I think this is probably enough to get us going, though. Right after explaining how Peter gives a heart-rending sermon that wins some 3,000 converts, Acts 2: 42-47 says:
42 They devoted themselves to the apostles’ teaching and to fellowship, to the breaking of bread and to prayer. 43 Everyone was filled with awe at the many wonders and signs performed by the apostles. 44 All the believers were together and had everything in common. 45 They sold property and possessions to give to anyone who had need. 46 Every day they continued to meet together in the temple courts. They broke bread in their homes and ate together with glad and sincere hearts, 47 praising God and enjoying the favor of all the people. And the Lord added to their number daily those who were being saved. [Bold added.]
So it’s obvious why many people would think that true Christianity goes hand in hand with socialism. Now there have been many erudite essays and sermons from top-flight theologians on this topic. I am therefore going to focus on this as a free-market economist and libertarian theorist who is also a born-again Christian, since that’s where my comparative advantage lies.
==> As I explain in greater detail in this lecture, it is undeniably true that the message of the gospel is for you to trust in Christ, not in material goods. However, the Bible does not teach that riches per se are a mark of a bad person.
==> There is nothing anti-libertarian about living in a commune, so long as everything is voluntary. You can’t at all take this example and conclude that State-sponsored redistribution is Christian, anymore than forcing people to confess Jesus as Lord under penalty of torture is Christian.
==> The obvious retort to the above is this story, but even here the two people involved deceived the community of believers. The apostles didn’t go out to non-Christians and kill them for not donating their property. Furthermore, strictly speaking Peter didn’t kill them, either God did and/or their consciences killed them. So even if you want to be really hardcore about this harder story, you see it doesn’t violate libertarian ethics (since God owns everything if the Bible is true).
==> Now you might say, “OK Murphy there’s nothing inherently unlibertarian about this example of the early Church, but surely it ignores economic principles. What about the calculation problem?” Yet hold on a second. What did it say the early Christians did? They sold their property for money and then used the proceeds to buy necessities for their group. So that’s not eschewing markets, that’s taking advantage of them. (In contrast, when the children of Israel would occasionally have a wave of reform, they would destroy their idols–they didn’t sell them to their neighboring pagans.)

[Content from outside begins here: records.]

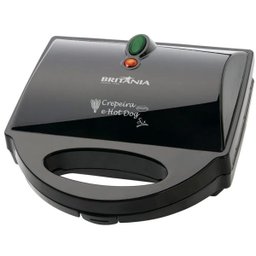 Crepeira Britânia Six Com Capacidade para 6 Crepes 127V - 1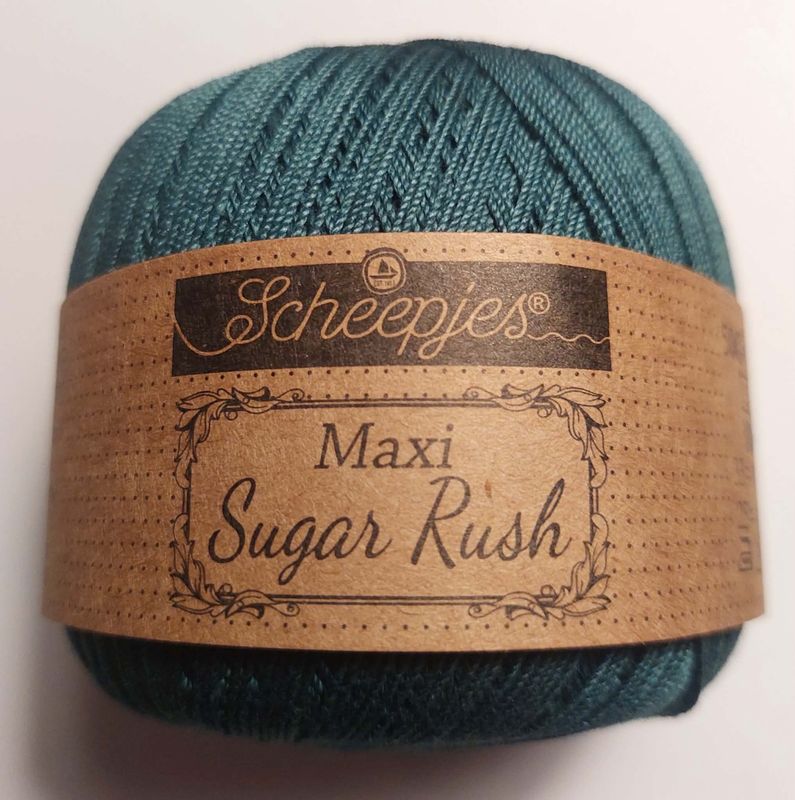 244 maxi sugar rush scheepjes     bol = 50gr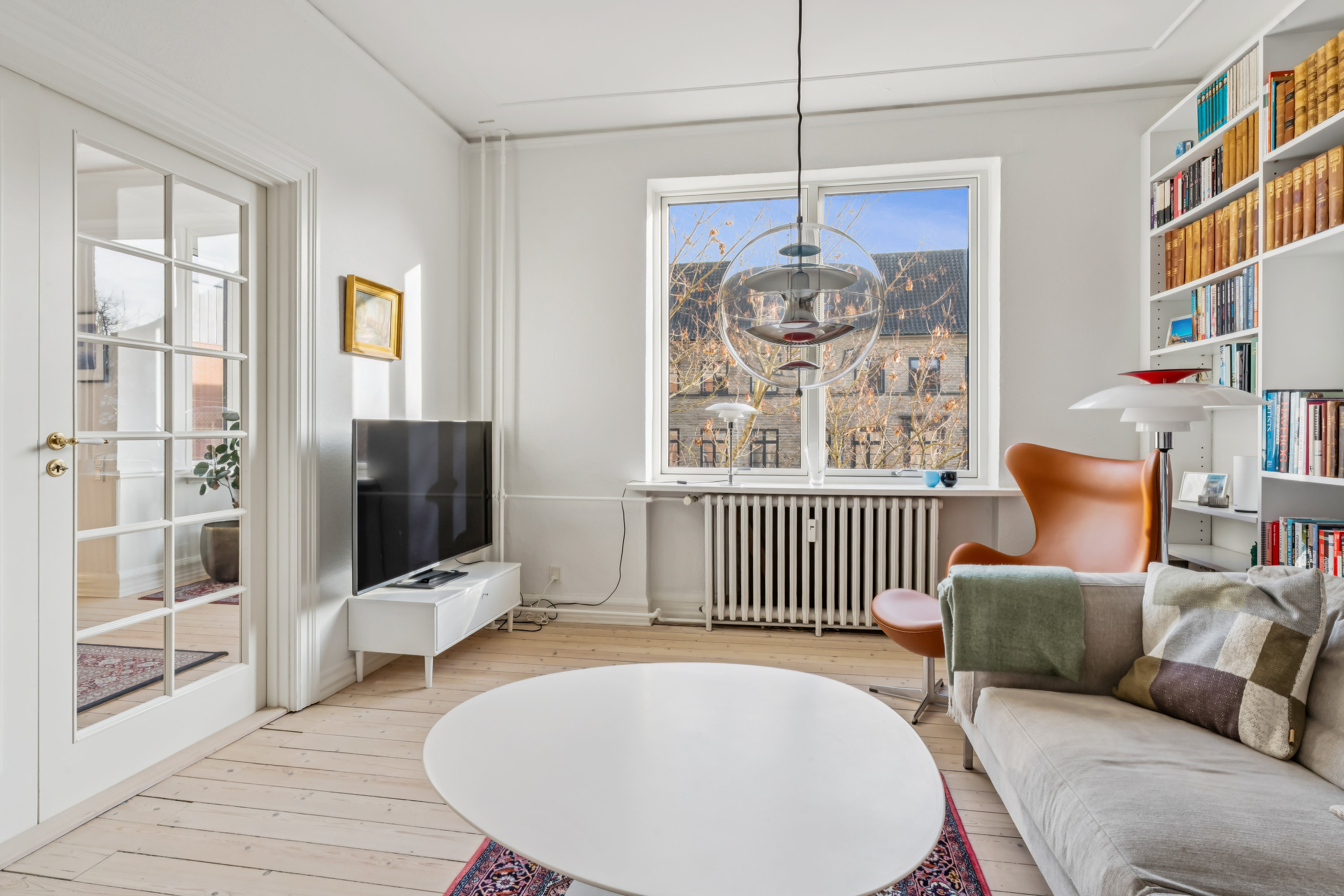 Fremhævet stue billede i fuldskærmstilstand. Billede af Vesterbro 29, 2., 9000 Aalborg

==> I think that if more of the world actually followed the Sermon on the Mount (or the 10 Commandments for that matter), then one offshoot would be an unbelievable increase in human productivity. For an analogy, it’s not “ignorant of the work of Mises” to think that restaurants in a libertarian society would give out tap water and bread for free. So by the same token, I imagine a world where people really did a much better job of living up to Christian ideals would be so inconceivably wealthy by our standards that it would look to socialists like their utopia–even though there would be no systematic violations of property rights.